6. The report that the police department relied upon focused on the plaintiff’s psychological history rather than on the impressions of the plaintiff from their interview and the plaintiff’s performance on various psychological tests that she had administered, or even the more recent findings of the plaintiff’s psychologist. In fact, the report explicitly said that the primary area of concern is the plaintiff’s psychological history and not her current psychological profile. In fact, the report did not even devote one sentence to the impressions about the plaintiff’s current psychological profile and the report seemed to imply that the plaintiff’s history rendered her per se unqualified to serve as a police officer regardless of her current psychological profile. The endorsement of this particular report also ignored the plaintiff’s current psychological profile.

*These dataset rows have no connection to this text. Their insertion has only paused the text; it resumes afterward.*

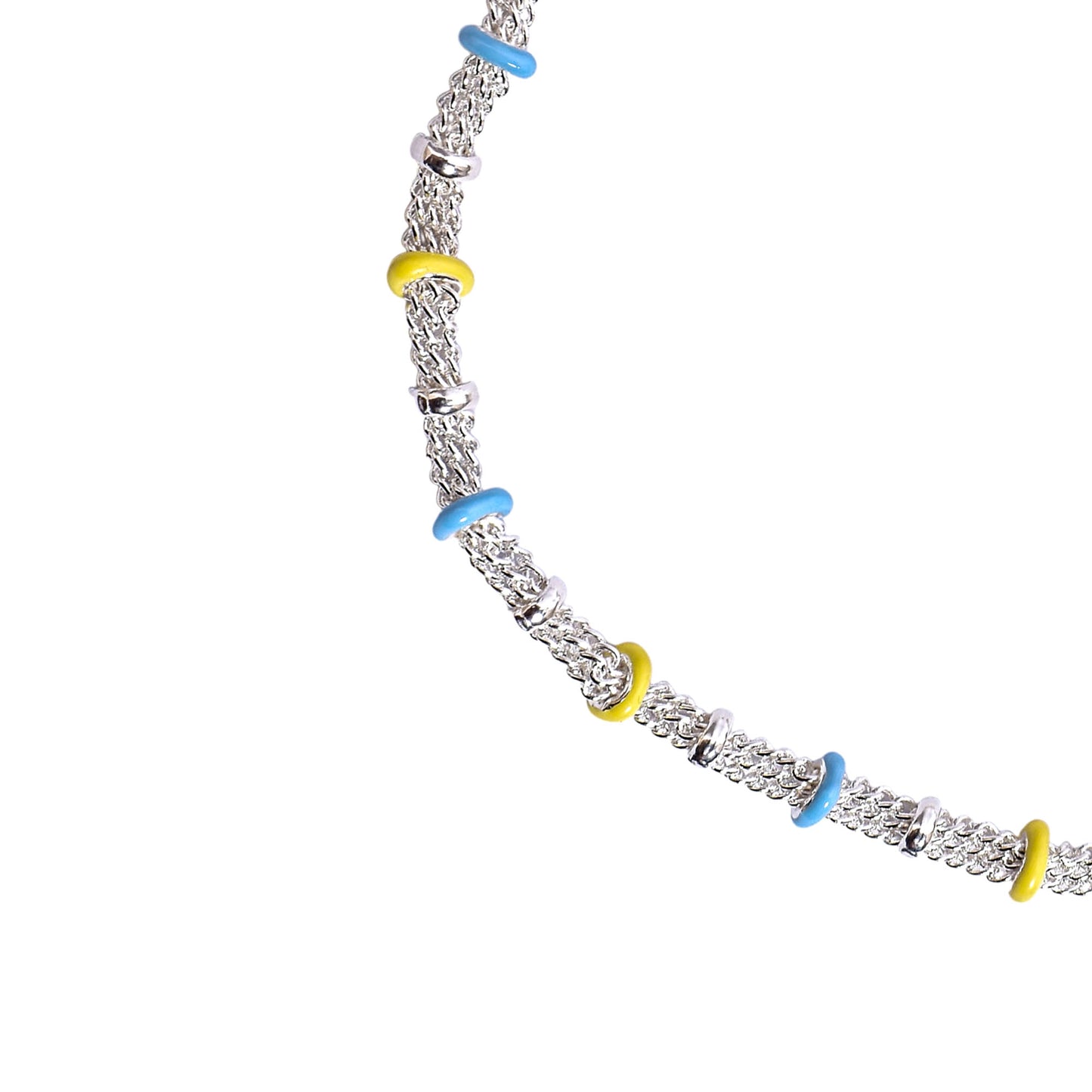 🌟 Kids Silver Anklet with Color Rings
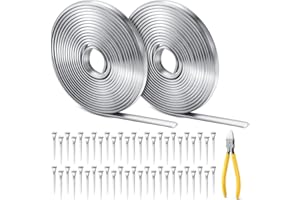 MorningRo 12 ft 5/64" Round U Lead Came for Stained Glass Hobby Came Lead Came with Diagonal Cutting Pliers 50 Pcs Horseshoe Nails Stained Glass Supplies Tools Set for Suncatchers Stained Glass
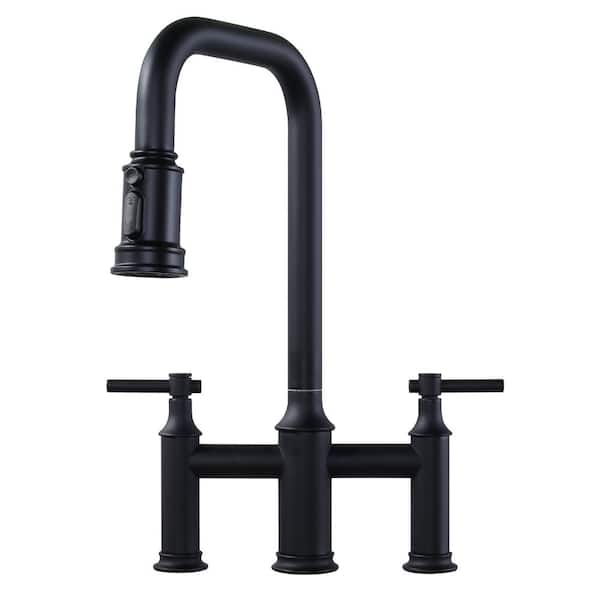 WOWOW Double Handle Bridge Kitchen Faucet with Advanced Spray in Black
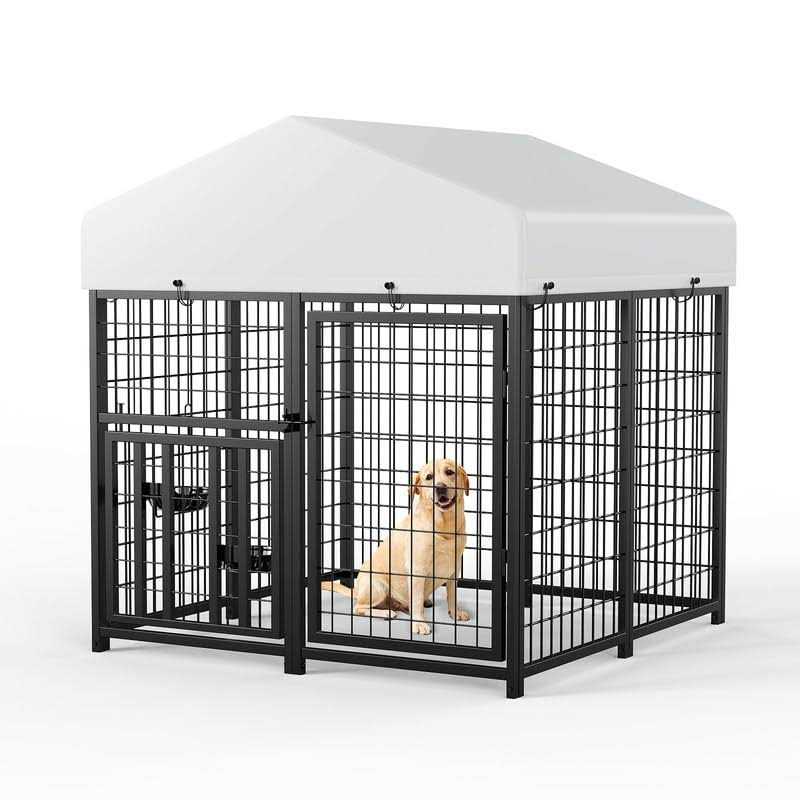 ROOMTEC Large Dog Kennel Outdoor Pet Pens Dogs Run Enclosure Animal Hutch Metal Coop Fence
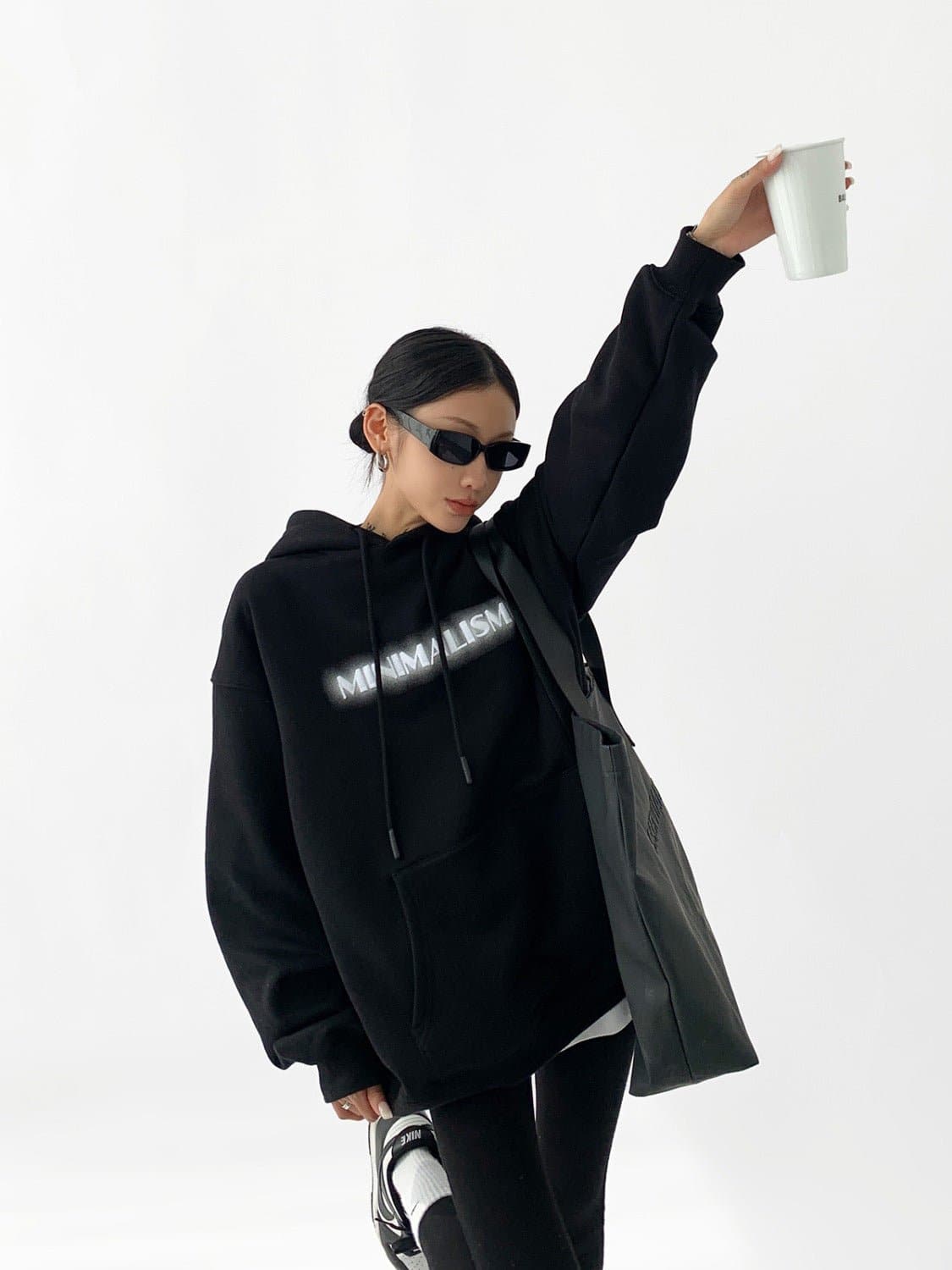 Minimalism Print Heavyweight Loose Fit Hoodie - Sharbhy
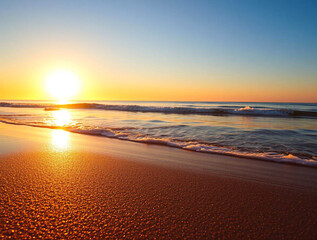 A Glimmering Beach at Sunset with Glittering Sand and Sparkles on the Water – Generative AI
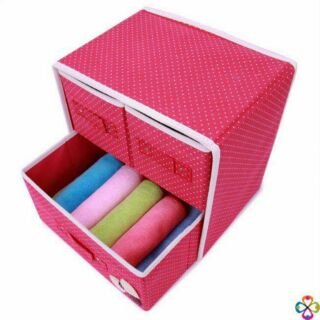 Sale 10% - Tủ Vải Mini 3 Ngăn Đựng Đồ Đa Năng Có Khung Cứng
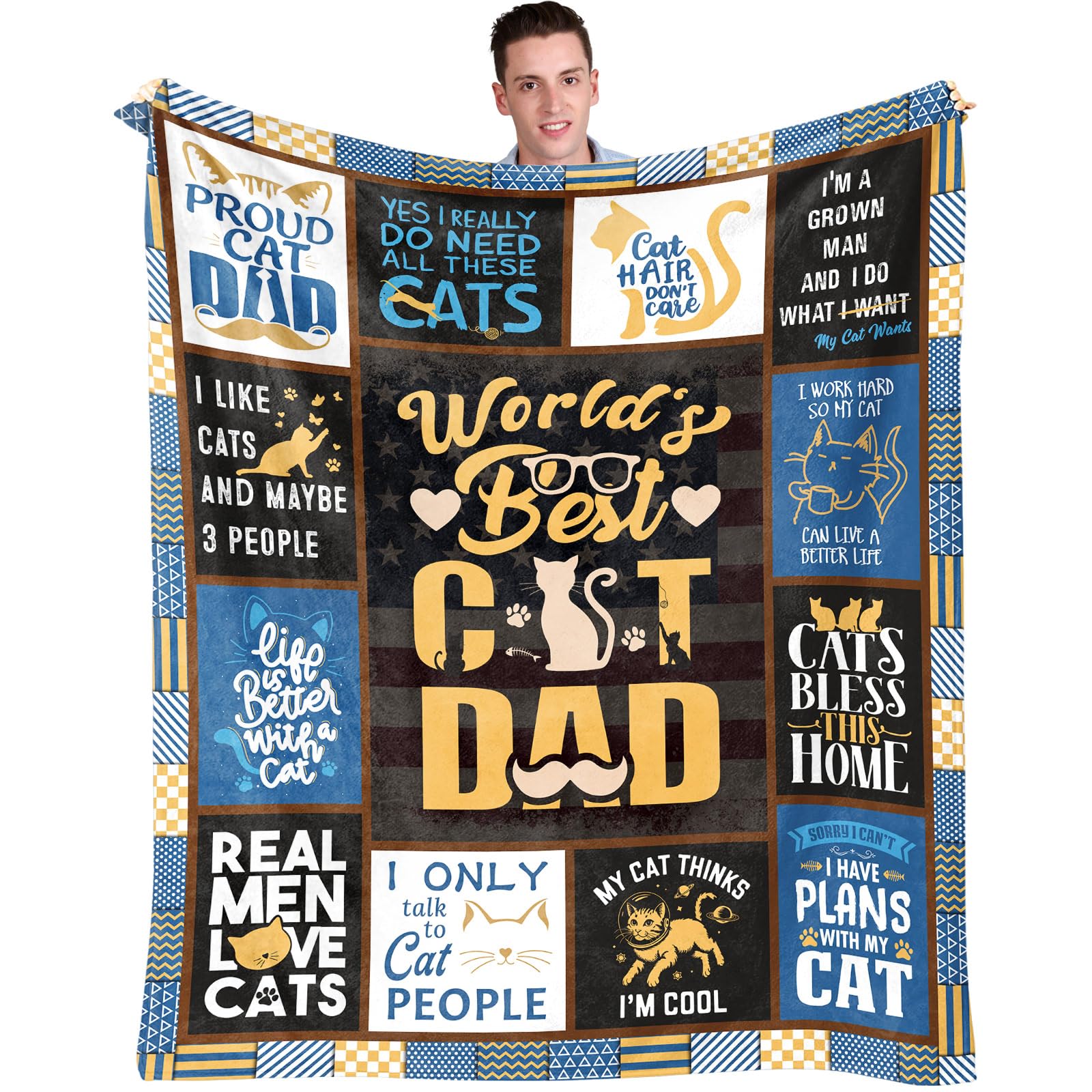 Fluxflix Cat Dad Gifts - Cat Dad Gifts for Men - Gift for Cats Lovers - Cats Lovers Gift for Men/Daddy/Dads Throw Blanket 60"X50"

Takeaways: The first thing we can take away from this case is that determining essential functions of the job may involve getting to the root of a medical diagnosis and expert testimony can be critical in sorting that out. Second, if an employer is going to deny reinstatement to someone, that termination needs to be based upon the person’s current mental or physical condition and the employer needs to be wary of over relying on the plaintiff’s past mental or physical condition. The question is whether they can do the essential functions of the job with or without reasonable accommodations at the time they apply or seek reinstatement and not as they were in the past. Third, if an employer is going to argue direct threat, that assessment must be based on a reasonable medical judgment relying on the most current knowledge and/or the best available objective evidence ( see also Chevron v. Echazabal 536 U.S. 73 (2002)). Fourth, if the plaintiff is arguing a regarded as claim, the defendant needs to be aware that authority exists for saying that a regarded as claim can proceed even in the absence of discriminatory animus and where there is nothing more than an innocent misperception of an individual’s impairment. Finally, whether a person can perform the essential functions of the job is a relevant question when a plaintiff pursues a regarded as claim.